Data shown →

┄┄┄┄┄┄

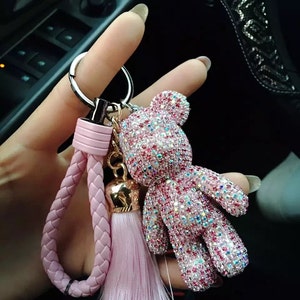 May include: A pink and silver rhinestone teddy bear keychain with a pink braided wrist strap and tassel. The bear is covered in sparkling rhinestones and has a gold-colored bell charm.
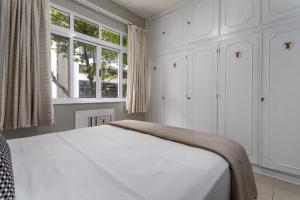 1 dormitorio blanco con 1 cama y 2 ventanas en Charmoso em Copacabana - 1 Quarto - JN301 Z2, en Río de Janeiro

┄┄┄┄┄┄

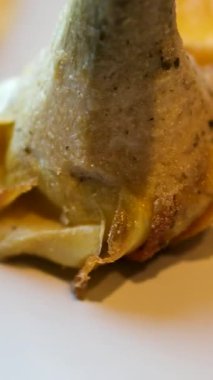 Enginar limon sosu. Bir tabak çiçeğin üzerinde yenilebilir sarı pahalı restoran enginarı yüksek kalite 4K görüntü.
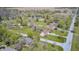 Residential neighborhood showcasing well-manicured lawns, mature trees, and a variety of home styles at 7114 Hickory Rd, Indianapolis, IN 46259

┄┄┄┄┄┄

To do →
Restate word for word the lines of the data above that begin at the line with "Enginar limon sosu." and end at the line with "Residential neighborhood showcasing", keeping both ends and dropping every picture.

Written answer →
 Enginar limon sosu. Bir tabak çiçeğin üzerinde yenilebilir sarı pahalı restoran enginarı yüksek kalite 4K görüntü.
 Residential neighborhood showcasing well-manicured lawns, mature trees, and a variety of home styles at 7114 Hickory Rd, Indianapolis, IN 46259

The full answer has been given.